**Exercise goal:**
Beginning at the line that contains "ボッテガヴェネタ bottega veneta ロングベルト レザー ゴールド", repeat each line exactly through the last one of the records below, and leave out the pictures.
─── Material for this task
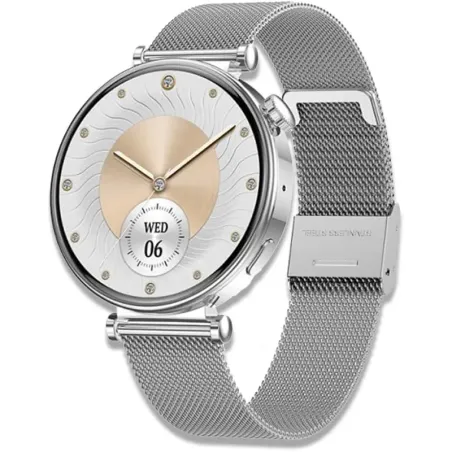 Montre connectée Geko One Amoled 1,32" Gris - CGV - 40294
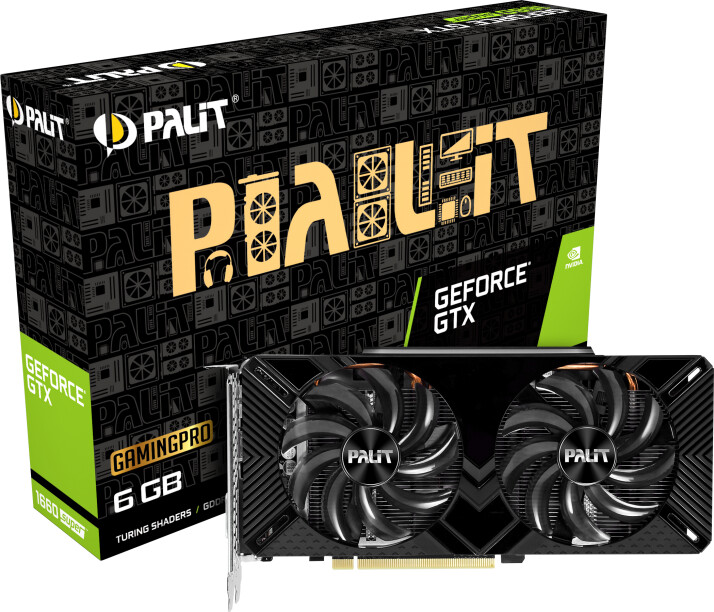 PALiT GeForce GTX 1660 Super GamingPro, 6GB GDDR6_735382839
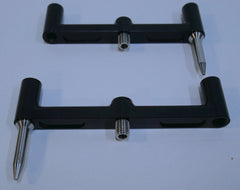 Korda Black Singlez Set 2 Rod + Bag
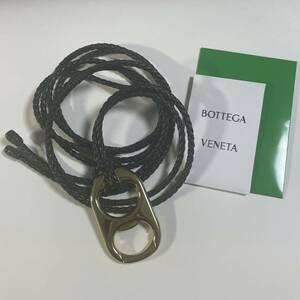 ボッテガヴェネタ bottega veneta ロングベルト レザー ゴールド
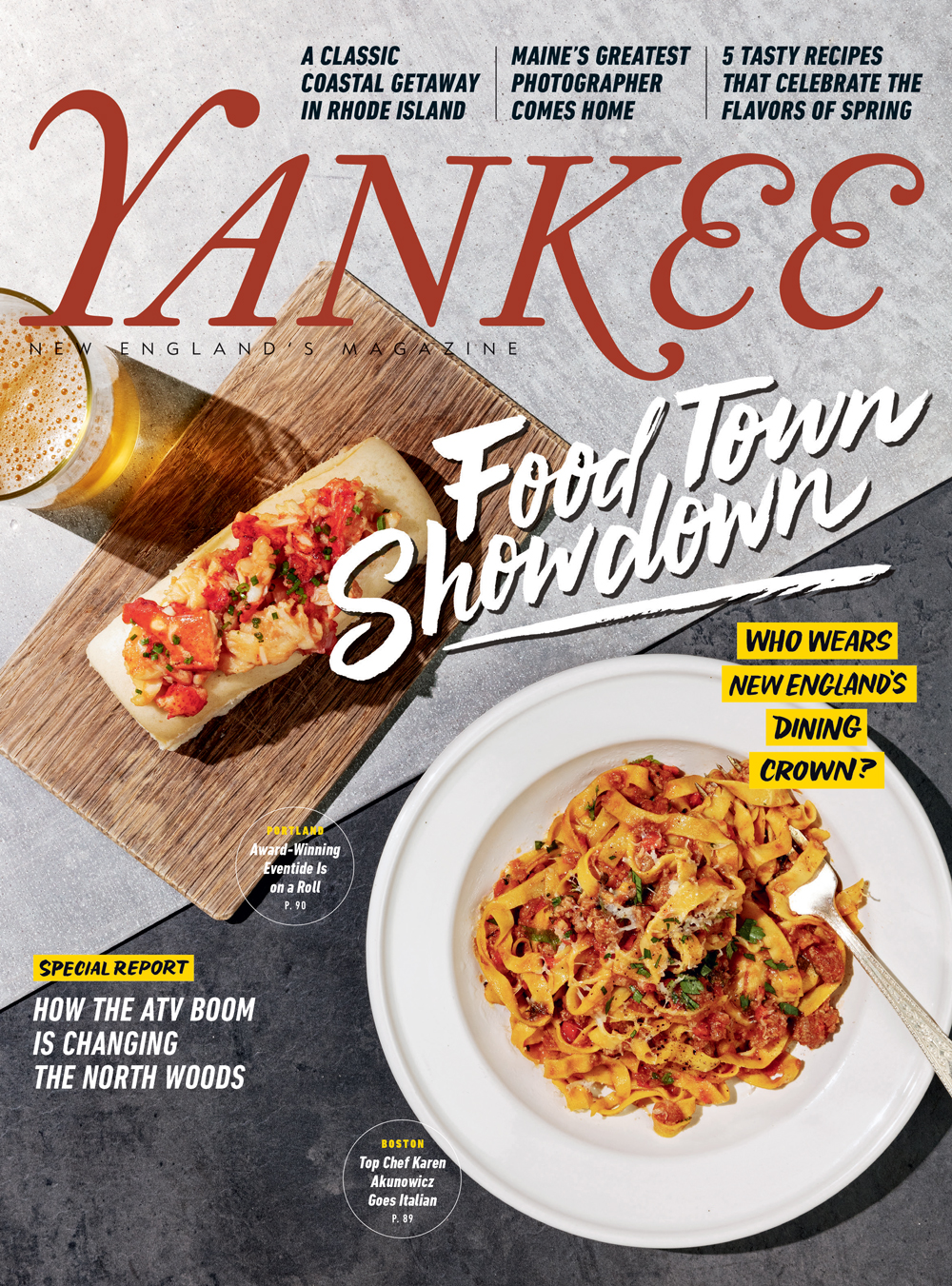 Yankee March 01, 2019 Issue Cover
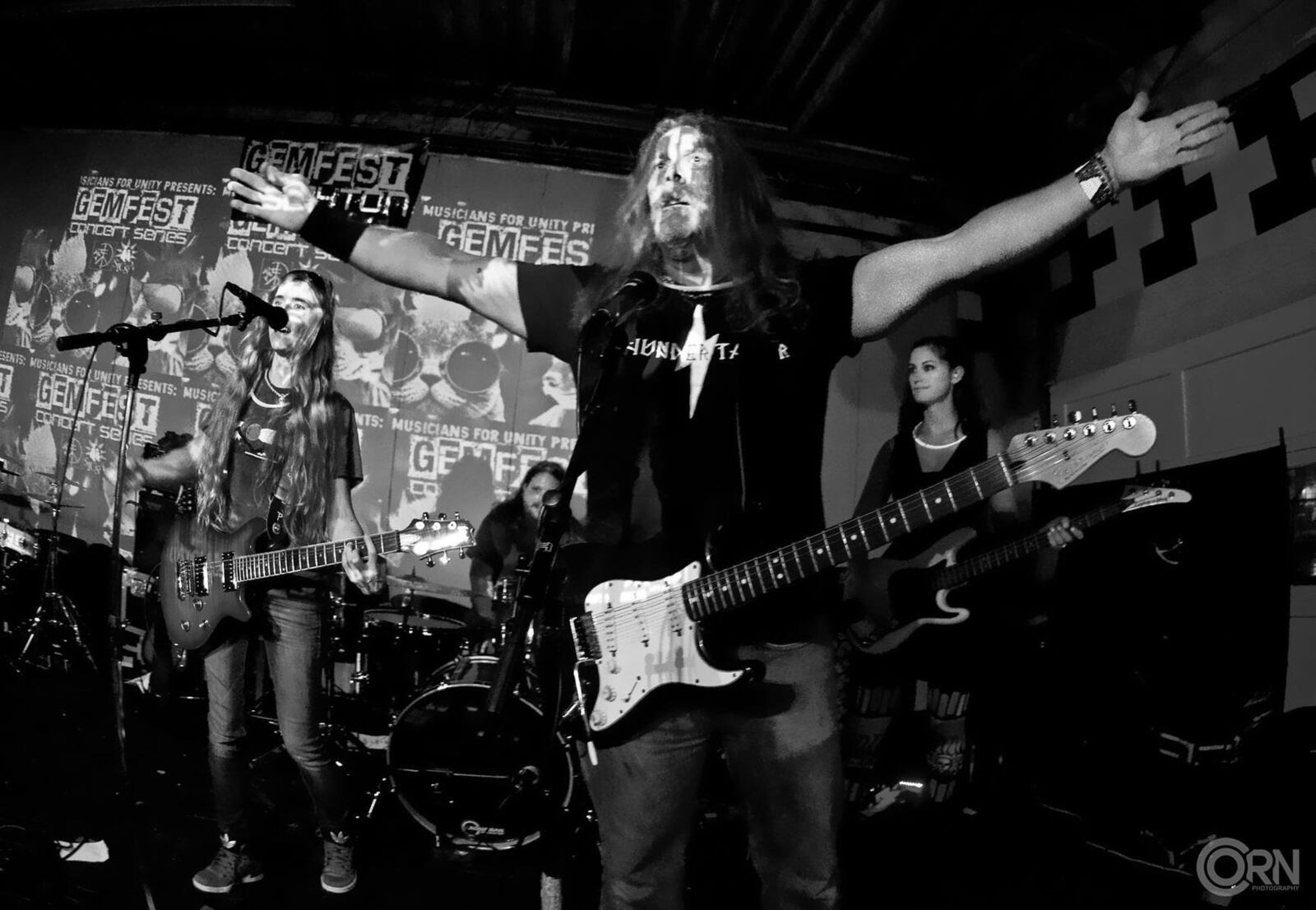 Death By Fetish (pictured), A Shade of Red and Scarecrow Sideshow are among the local acts performing in Musicians for Unity’s Gem Fest 2018 at Yellow Cab Tavern in Dayton on Saturday, Oct. 13. CONTRIBUTED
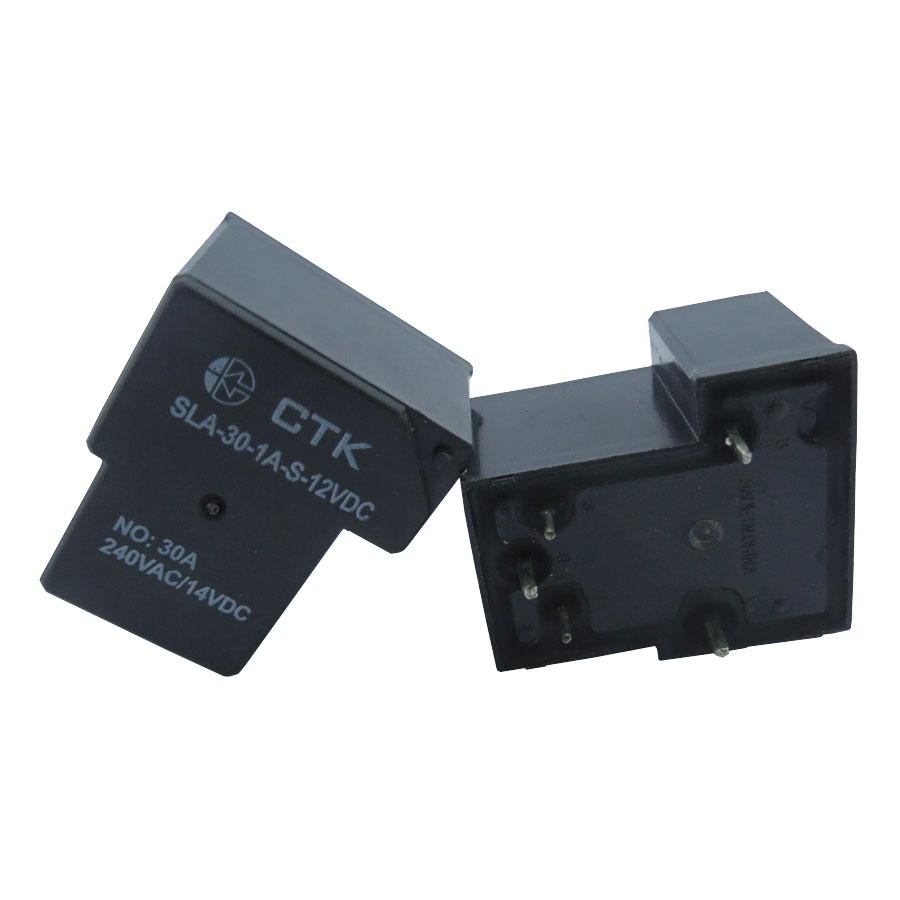 Relê CTK SLA-30-1A-S-12VDC Relê CTK SLA-30-1A-S-12VDC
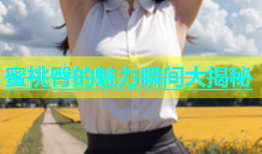 蜜桃臀的魅力瞬间大揭秘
──────
**Your response:**
 ボッテガヴェネタ bottega veneta ロングベルト レザー ゴールド
 Yankee March 01, 2019 Issue Cover
 Death By Fetish (pictured), A Shade of Red and Scarecrow Sideshow are among the local acts performing in Musicians for Unity’s Gem Fest 2018 at Yellow Cab Tavern in Dayton on Saturday, Oct. 13. CONTRIBUTED
 Relê CTK SLA-30-1A-S-12VDC Relê CTK SLA-30-1A-S-12VDC
 蜜桃臀的魅力瞬间大揭秘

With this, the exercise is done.